## Task inputs

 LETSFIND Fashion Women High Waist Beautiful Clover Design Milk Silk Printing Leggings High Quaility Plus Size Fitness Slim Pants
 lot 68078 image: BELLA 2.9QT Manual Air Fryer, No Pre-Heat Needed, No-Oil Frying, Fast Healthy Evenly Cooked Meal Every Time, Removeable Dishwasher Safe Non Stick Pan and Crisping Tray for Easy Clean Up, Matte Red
--
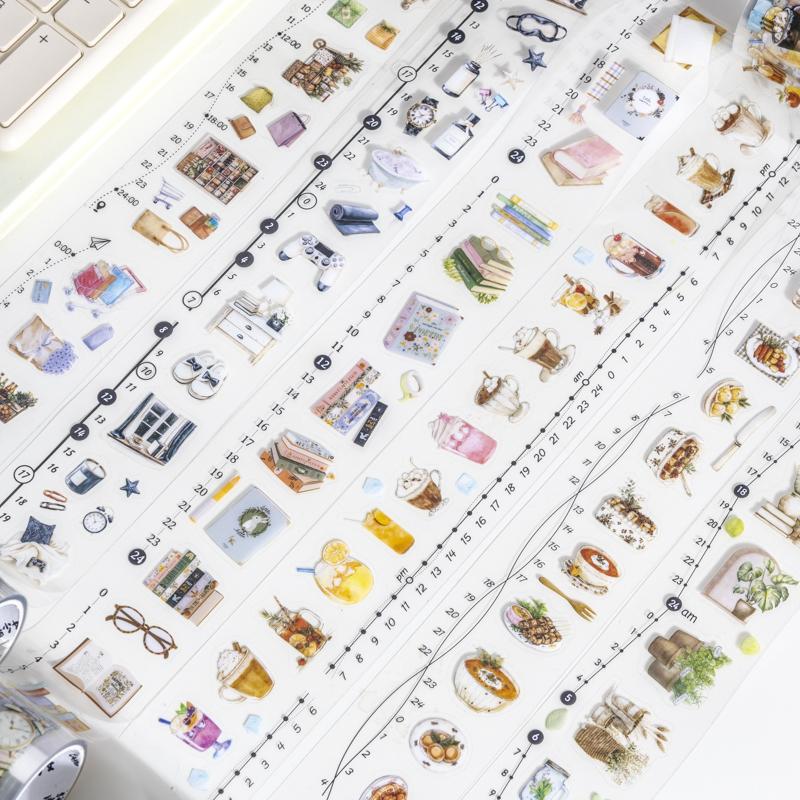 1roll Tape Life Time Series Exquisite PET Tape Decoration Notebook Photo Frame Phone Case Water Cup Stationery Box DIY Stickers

## To do
Could you restate, word for word, the lines above from the one with "LETSFIND Fashion Women" to the one with "lot 68078 image: BELLA", both included?

## Answer
 LETSFIND Fashion Women High Waist Beautiful Clover Design Milk Silk Printing Leggings High Quaility Plus Size Fitness Slim Pants
 lot 68078 image: BELLA 2.9QT Manual Air Fryer, No Pre-Heat Needed, No-Oil Frying, Fast Healthy Evenly Cooked Meal Every Time, Removeable Dishwasher Safe Non Stick Pan and Crisping Tray for Easy Clean Up, Matte Red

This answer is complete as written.